PPY23 Revealed. Sydney Dance Company, Carriageworks, December 12, 2023

At the end of PPY23 Revealed there were huge shouts of joy from the young dancers who had just performed. For about half of them – and there were more than 50 in total – it was a graduation performance, their two years as participants in Sydney Dance Company’s Pre-Professional Year program now done and dusted. They are undoubtedly relieved, excited and full of both hope and trepidation. Now comes the hard bit.

What careers some or all of them will have is in the lap of the gods. I won’t be assessing their chances here because it is extremely bad form to review performers who are not yet professional. They’ll get enough of that later, if they’re lucky. These are not the sunniest of times for dance criticism as space and budgets dry up, but that’s another story.

What can be talked about here is the choreography made for the occasion, all of it by professional dance-makers. PPY23 Revealed was a program of six works with nothing lasting longer than 22 minutes. The closer to Act I was a bit of an outlier, being an excerpt from an existing work, Anima, by SDC artistic director Rafael Bonachela. It’s the kind of glamorous contemporary dance SDC is known for and added gloss to the bill.    

Descencuentro, by Lee-Anne Litton and Alejandro Rolandi. Photo by Wendell Teodoro

The others were pieces made expressly for the more than 50-strong PPY1 and PPY2 cohort by Gabrielle Nankivell, Charmene Yap, Rachel Arianne Ogle, Jenni Large and the duo Lee-Anne Litton and Alejandro Rolandi. Litton and Rolandi used the smallest number of dancers – 10 – and their Desencuentro had the virtue of looking entirely unlike anything else on the bill. A point of difference was Trevor Brown’s score, created live by playing, recording and looping wind and percussion instruments. It’s not Brown’s fault that this process tended to pull focus. Desencuentro used contact improvisation as a way into looking at how family members interact and was perhaps a little more rewarding to do than to watch. The beginning, with dancers and musician in an inward-facing circle, knowingly and effectively excluded the audience and that sense of being shut out of the action continued to Desencuentro’s detriment.  

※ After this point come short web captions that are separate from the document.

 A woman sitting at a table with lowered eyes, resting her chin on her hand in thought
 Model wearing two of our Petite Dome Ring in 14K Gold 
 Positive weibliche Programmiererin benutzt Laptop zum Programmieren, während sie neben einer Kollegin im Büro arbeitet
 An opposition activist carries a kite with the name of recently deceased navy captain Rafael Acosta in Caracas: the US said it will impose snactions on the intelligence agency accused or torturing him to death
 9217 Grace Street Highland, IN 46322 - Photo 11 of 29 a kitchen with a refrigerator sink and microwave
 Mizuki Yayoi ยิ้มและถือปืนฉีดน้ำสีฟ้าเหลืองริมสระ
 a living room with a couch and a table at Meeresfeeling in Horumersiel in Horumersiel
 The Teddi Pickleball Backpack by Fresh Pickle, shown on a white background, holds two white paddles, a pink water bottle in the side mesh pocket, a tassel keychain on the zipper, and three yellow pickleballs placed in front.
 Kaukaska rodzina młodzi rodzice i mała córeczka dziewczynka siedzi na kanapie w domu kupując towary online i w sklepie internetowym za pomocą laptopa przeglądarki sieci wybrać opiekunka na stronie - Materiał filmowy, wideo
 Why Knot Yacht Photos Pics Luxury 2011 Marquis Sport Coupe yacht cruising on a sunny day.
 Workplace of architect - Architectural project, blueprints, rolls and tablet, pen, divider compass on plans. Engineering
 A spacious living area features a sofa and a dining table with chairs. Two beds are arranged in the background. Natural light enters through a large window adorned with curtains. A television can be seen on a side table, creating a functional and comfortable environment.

The works by Nankivell, Yap, Ogle and Large were made for very big groups, and understandably so. Their reason for being was to make something for lots of people so they could be shown to advantage. Each of the four was danced to an electronic score, no doubt providing invaluable experience in learning how to find and keep your place in a restless sound world. 

It was too much of a good thing really. Despite differences in approach to group dynamics, the deployment of individuals within the pack and how each choreographer’s movement language looked on the bodies, there was inevitably a sense that one was seeing variations on a theme rather than strikingly different works. And you really did have to read the program notes.

Synthetic Seduction, by Jenni Large. Photo by Wendell Teodoro

Nankivell’s Pretend That You Live Here concerned itself with time “and how we choose to stand in our world”. Yap’s Cymatics was impelled by how sound can transform and trigger. Ogle’s Into Forever was succinctly and entirely described as “Between this world and the next …” All looked terrific (bravi Bronte Hilder for costumes and Alexander Berlage for lighting) but their meaning wasn’t easily given up.

Large’s Synthetic Seduction was more forgiving in that sense. It did exactly what it said, which is perhaps how it earned its place as the program’s final flourish. Large explored “the seductive influences of media and popular culture” and did it very well indeed. It was an idea that was self-evident, soundly constructed and forcefully presented. 

For the students the experience of working with all these choreographers must have been powerful and I’d be happy to see all the dances again – just apart from one another.